AÇÃO PODE CAIR A ATÉ R$ 3,50

Entre as petrolíferas, a Petrobras tem a maior dívida do mundo — R$ 402 bilhões de endividamento líquido — e não vem tendo muito sucesso em sua estratégia de vender US$ 15,1 bilhões em ativos até o fim de 2016: após vários meses, foram apenas US$ 700 milhões. Por causa de fatores como esses, apesar da derrocada de suas ações, a Petrobras ainda é considerada “cara” por investidores se comparada a concorrentes, afirmou Luis Gustavo Pereira, analista da Guide Investimentos.

Pereira comparou a Petrobras a outras três companhias internacionais de petróleo. E calculou em quantos anos a geração de caixa das petrolíferas projetada para este ano pagaria o “valor da empresa” — conceito que, além do valor das ações em Bolsa, considera o tamanho da dívida e as participações minoritárias em outras companhias. Quanto maior o valor, mais “cara” está a empresa do ponto de vista do investidor. No caso da Petrobras, a relação foi de 5,47 (cinco anos e meio de geração de caixa), acima dos indicadores da britânica BP (4,78), da espanhola Repsol (4,93) e da holandesa Shell (3,87). A análise foi realizada em dólares.

— Sobre a Petrobras, mantêm-se os receios com relação a sua alta alavancagem e ao atual preço do petróleo. A empresa depende de um plano de desinvestimento importante, mas dificilmente terá um resultado significativo nesse patamar de cotação do produto — disse Pereira. — O movimento é global, várias empresas do mundo estão sofrendo. Mas, comparando-se os fundamentos, a Petrobras ainda está mais cara que as outras. A faca ainda está caindo, então é impossível segurá-la.

Na avaliação de Raphael Figueredo, analista da Clear Corretora, considerando a cotação histórica das ações, o próximo “nível de suporte” da Petrobras PN é de R$ 4,30. Isso significa que, pelas estimativas do especialista, caso o papel caia abaixo desse nível, há grandes chances de que ele recue para a casa dos R$ 3,50:

— Há mais espaço para queda. Sobretudo se o dólar seguir em alta e o petróleo, que continua sendo o fator de curto prazo determinante, em queda.

Setor demitiu quase 260 mil desde junho de 2014

Quase 260 mil postos de trabalho já foram perdidos no setor de petróleo e gás em todo o mundo desde o início da queda dos preços da commodity, e há estimativas de que o número passe dos 300 mil. Levantamento feito pela consultoria Graves & Co. aponta que as demissões já atingiram 259.484 trabalhadores. O estudo da Graves & Co. considera as demissões desde junho de 2014 — quando o preço do petróleo começou a cair após superar os US$ 110 — até a última sexta-feira. Ontem, o barril do Brent, referência internacional, era cotado a US$ 28,74.

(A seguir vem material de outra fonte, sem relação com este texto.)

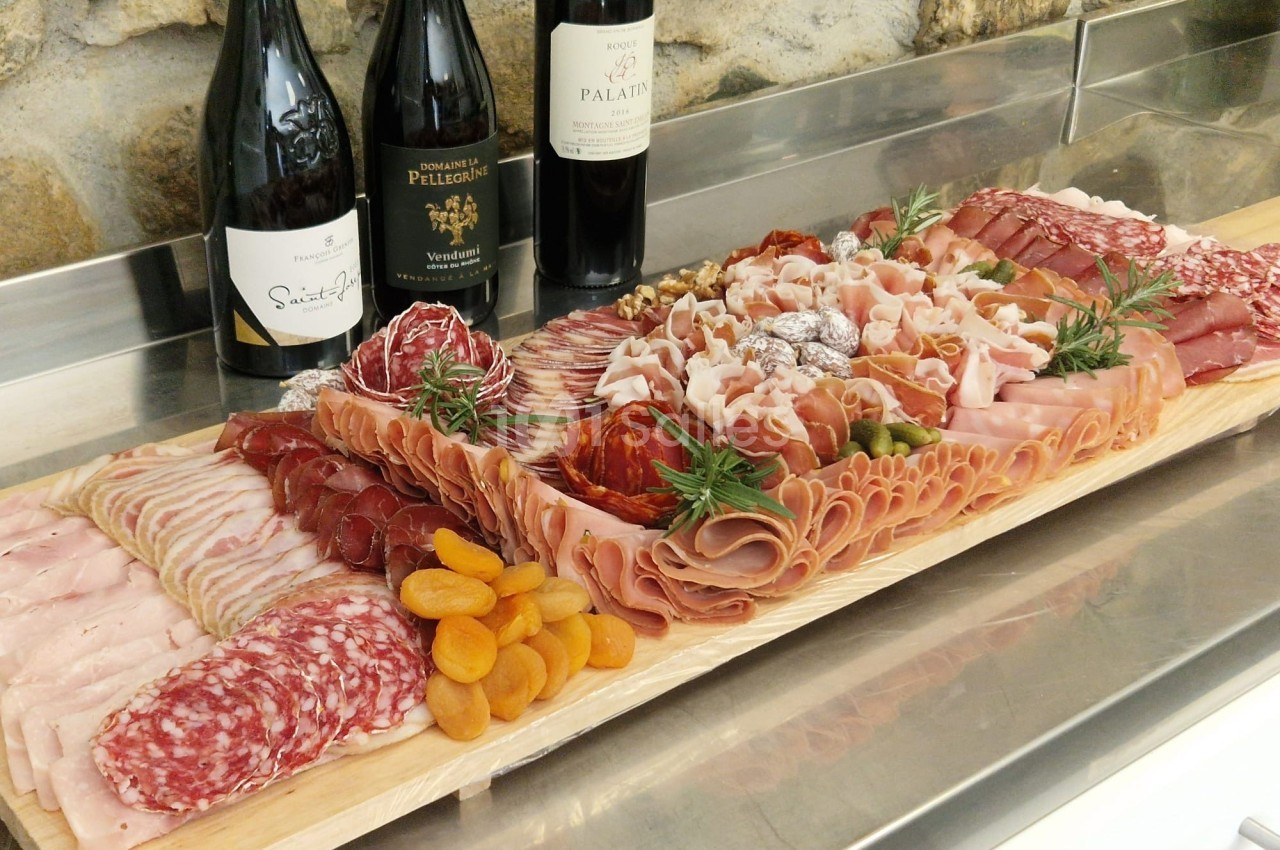Plateau de charcuterie variée avec jambon, saucisson, fruits secs et décoration de romarin, accompagné de bouteilles de vin.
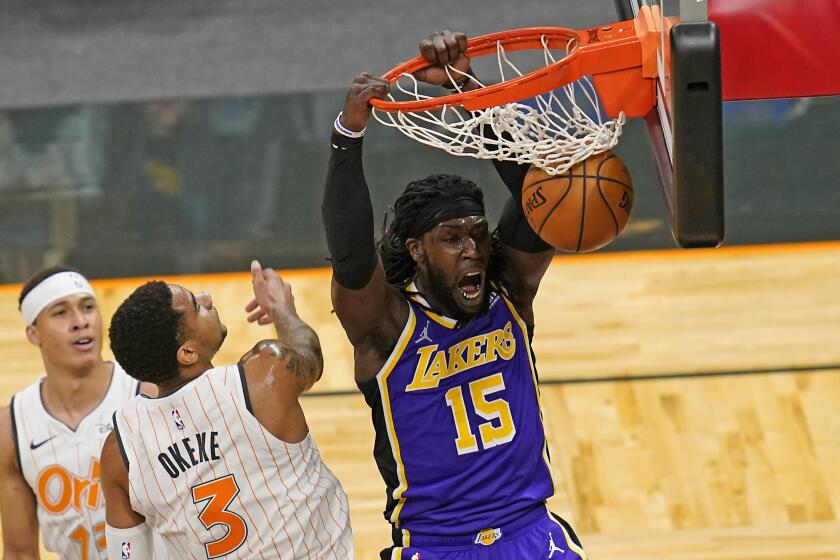 Los Angeles Lakers center Montrezl Harrell (15) dunks the ball over Orlando Magic forward Chuma Okeke (3) but was called for traveling and the basket did not count during the first half of an NBA basketball game, Monday, April 26, 2021, in Orlando, Fla. (AP Photo/John Raoux)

Entram no levantamento empresas de sete segmentos relacionados à indústria de óleo e gás. O maior impacto foi sentido entre os prestadores de serviços, que contabilizam 121.098 demitidos até agora, ou 47,7% do total. Companhias de perfuração respondem por 16,1% dos cortes, com 41,7 mil funcionários a menos, seguidas pelas empresas de suprimento, com 43 mil demissões (16,7% do total).

No relatório da consultoria, há menções a casos brasileiros. O mais recente é o do Estaleiro Atlântico Sul (EAS), cujo número de demitidos é citado apenas como “milhares”.

‘PIORA ANTES DE MELHORAR’

Para John Graves, presidente e fundador da Graves & Co., o número pode crescer.

— Acredito (que o número crescerá). Obviamente, até quanto o preço pode cair é uma pergunta muito complexa e não há resposta fácil. Acredito que as coisas vão piorar antes de melhorarem. Não sei se esse número vai crescer além de 300 mil ou não. Isso está além da minha habilidade de prever — avaliou o executivo.

A empresa de recursos humanos do setor de energia Swift Worldwide Resources vai além e estima que os cortes de trabalhadores podem passar de 300 mil. A companhia também acompanha os anúncios de demissões. Em seu último estudo, de dezembro, estima um total de 244 mil cortes. Há empresas com reduções de vagas perto de dez mil, como é o caso de Schlumberger (11 mil), Halliburton (nove mil), Baker Hugues(10.500) e Weatherford (11 mil).

Segundo o diretor executivo da Swift, Tobias Read, o cenário continua ruim para o mercado de trabalho no setor, devido à persistência dos preços baixos do petróleo. Os novos investimentos são pequenos, e já surgem, segundo ele, os primeiros sinais de concordata na cadeia de fornecedores. Para Janette Marks, diretora operacional da Swift, porém, as perdas podem ser compensadas por outros segmentos que estão se beneficiando dos preços mais baixos, como o refino.

— O impacto das demissões no setor de petróleo no mundo é muito grande. No Brasil, essa crise é intensificada pela situação da Petrobras — afirma Anderson Dutra, sócio da KPMG responsável pelo setor de petróleo e gás.

Chefe da Área de Pesquisa de Macroeconomia da consultoria Oxford Economics, Gabriel Sterne lembra que a queda do preço do petróleo afeta de forma diferente países produtores — com perdas — e consumidores — com ganhos. Sua avaliação é que, para a economia global, o efeito é em geral neutro.

— Um choque de preços leva a uma redistribuição da riqueza das mãos dos produtores de petróleo para os consumidores, mas, de maneira geral, o efeito na economia global é neutro — aponta.

Estudo feito pela Oxford Economics no ano passado — e que agora está sendo atualizado — apontou Hong Kong, Irlanda e Estados Unidos como os países avançados que mais ganhariam em termos de crescimento do Produto Interno Bruto (PIB) com o preço baixo do petróleo. Entre os emergentes, os maiores ganhos seriam de Filipinas, Eslováquia e África do Sul. Por outro lado, Noruega e Holanda são os países avançados com maior impacto negativo. Entre os emergentes, a Rússia deve ter a maior perda, seguida por Arábia Saudita e Emirados Árabes Unidos.

Diante dessa avaliação de um efeito geral neutro, Sterne acredita que o petróleo não está entre os principais riscos para a economia mundial. As maiores preocupações são a China e a chamada estagnação secular — temor de um longo período de baixo crescimento econômico global. Ele admite, porém, que crescem as preocupações nos Estados Unidos sobre o impacto em setores além do petróleo:

— Há preocupações nos EUA sobre que efeitos o recuo do preço do petróleo pode ter em outros setores. Por exemplo, um banco do Texas que concede empréstimos a companhias de energia pode sentir esse efeito. Mas ainda não vejo evidência disso.